Fairtrade fruit & vegetables are reporting the highest growth, with sales expanding by 92% last year. High growth is occurring as a number of European supermarkets make fairtrade commitments. Most developments have been in the UK where Sainsbury’s and Waitrose converted their entire banana supply to fairtrade in 2007. A quarter of all bananas are now certified fairtrade in the UK, the highest market share for any EU country.
The new report on the European Market for Ethical Fruit & Vegetables finds that organic and fairtrade products have made most inroads in northern European countries. Over 5% of all fresh produce sold in countries like the UK, Germany and Finland is now certified organic and / or fair trade. Switzerland is the frontrunner where the market share has already exceeded 10%.
In spite of fair trade products making great strides, organic products comprise most revenues in the European ethical fresh produce market. Organic vegetables are the largest category, valued at EUR 2.5 billion in 2007. However, organic fruit sales are predicted to eclipse organic vegetable sales as more tropical and exotic varieties are introduced.
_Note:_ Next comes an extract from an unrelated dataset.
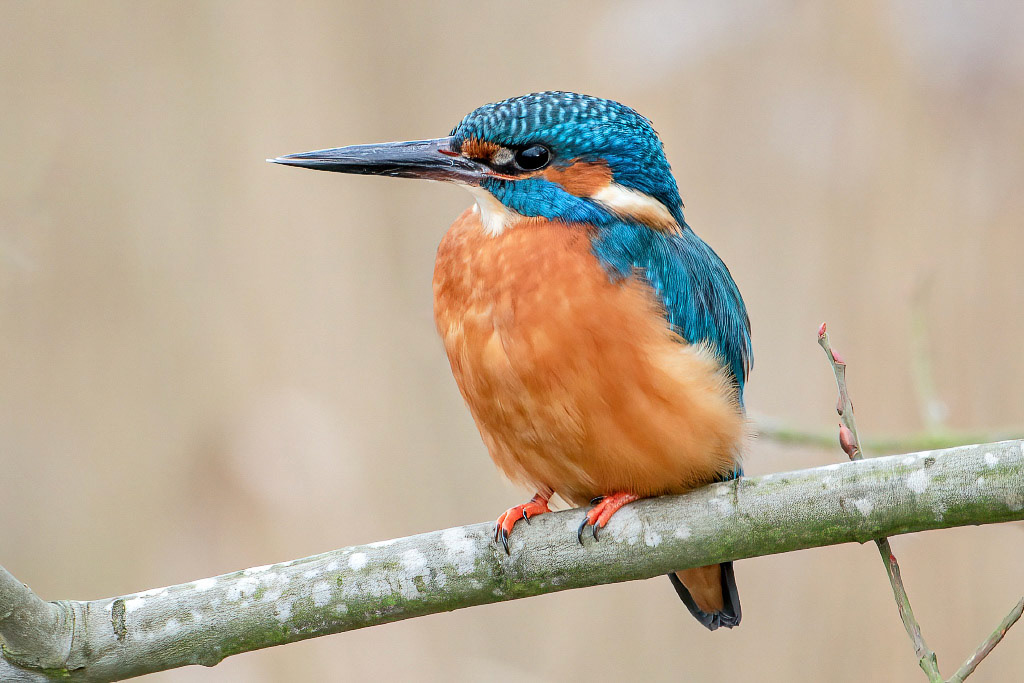 Kingfisher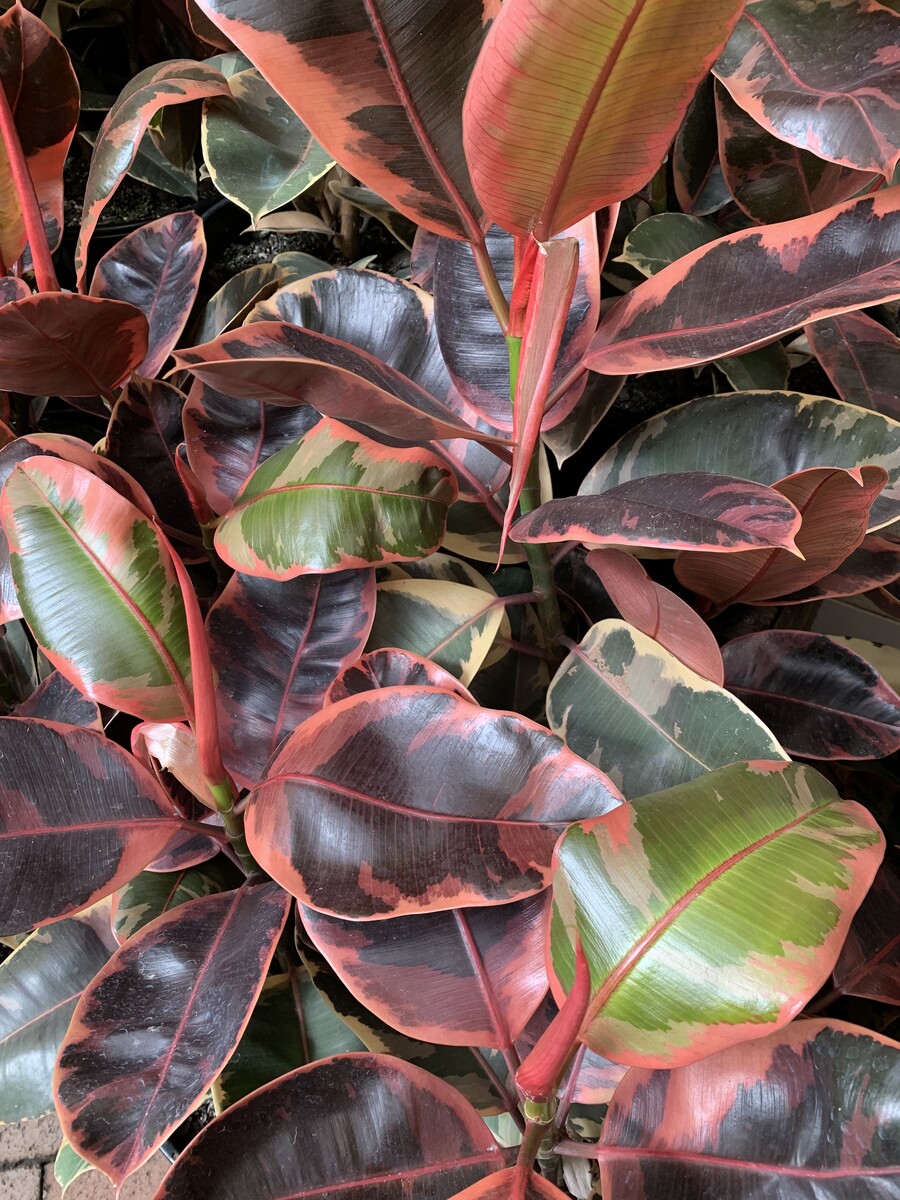 Ficus elastica - Ruby 150mm Pot (VN)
The organic fresh produce industry continues to be dogged by supply shortages. The study finds that European retailers are developing global supply chains to ensure continuous supply of organic fruits & vegetables. European organic food production is not keeping pace with demand. Indeed, several European countries are reporting declining areas of organic farmland. Rising prices of agricultural products are discouraging farmers to convert to organic practices.
Supply-demand imbalances are expected to continue as consumer demand for ethical & ecological products rises. Fairtrade products are becoming popular as consumers believe product purchases have a direct impact on third world poverty. Motives for organic fruit & vegetables are broader, encompassing health, nutrition and ecological issues. Organic Monitor projects the market for organic and fair trade fresh produce to double in the coming years.
A major challenge the industry faces is low consumer understanding of eco-labels. Although certified fairtrade and organic products have clearly visible symbols and logos, consumers are getting confused as to what the eco-labels mean and the differences between them. The market for fairtrade products is also suffering from a lack of standards; a relatively low number of fruits & vegetables have fairtrade standards. Retailers and traders aim to expand product ranges, however limited product lines prevent them from doing so.